E’ sostanzialmente raggiunta l’autosufficienza alimentare ed è significativamente avanti quella energetica, che vede l’intero paese servito dalla rete elettrica, con una quota di rinnovabili pari al 70% dell’energia complessivamente impiegata.

Sono ben 52 i programmi sociali destinati a ridurre la distanza tra povertà e benessere. Oltre 3500 km di strade costruite. Trasporti pubblici al costo più basso di tutta la regione. Più di 50.000 case sono state destinate alle famiglie che non erano in condizione di poterle acquistare e vengono distribuiti oltre centomila pacchetti alimentari al mese, perché la fame e la povertà estrema sono i nemici irriducibili del sandinismo.

Alcune reazionarie si spacciano per femministe, ma è un inganno. Hanno solo scoperto come il filone sia redditizio per i sepolcri imbiancati dei finti progressisti; un business di alcuni milioni di dollari annui. Ad esempio, non è un caso che le ONG e le organizzazioni oppositrici sedicenti femministe chiedano la liberazione del “detenuto politico” Jeison Joesman Castro Ortez, criminale femminicida che ha ucciso la sua compagna con 14 coltellate, ma si era dato da fare sulle barricate della destra. Nel Nicaragua sandinista, il femminismo non sta tra chi vende la sua patria allo straniero, ma nelle donne identificate come capifamiglia e destinatarie dei finanziamenti familiari; sta nell’essere divenuto il quinto paese al mondo per il Gender Gap. Che risultato grande per un paese così piccolo, no?

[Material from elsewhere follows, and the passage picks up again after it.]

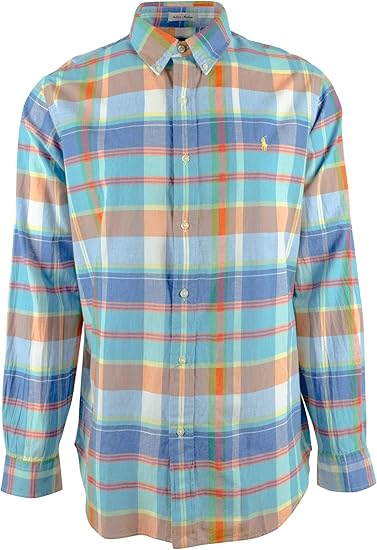 ralph lauren indian madras shirt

Il 52 per cento dei nicaraguensi esprime simpatia per il governo del Comandante Ortega. Da 13 anni il FSLN continua a vincere tutte le battaglie elettorali, quale che sia la posta in gioco. Sono 13 anni di guerra al neoliberismo. E’ stato messo in campo il più grande progetto di trasformazione del Paese non solo realizzato, ma mai nemmeno immaginato, che ha sconfitto ostilità politica e terrorismo, sovvertendo il calcolo delle probabilità. La chavala, nata nel 1979, è diventata adulta.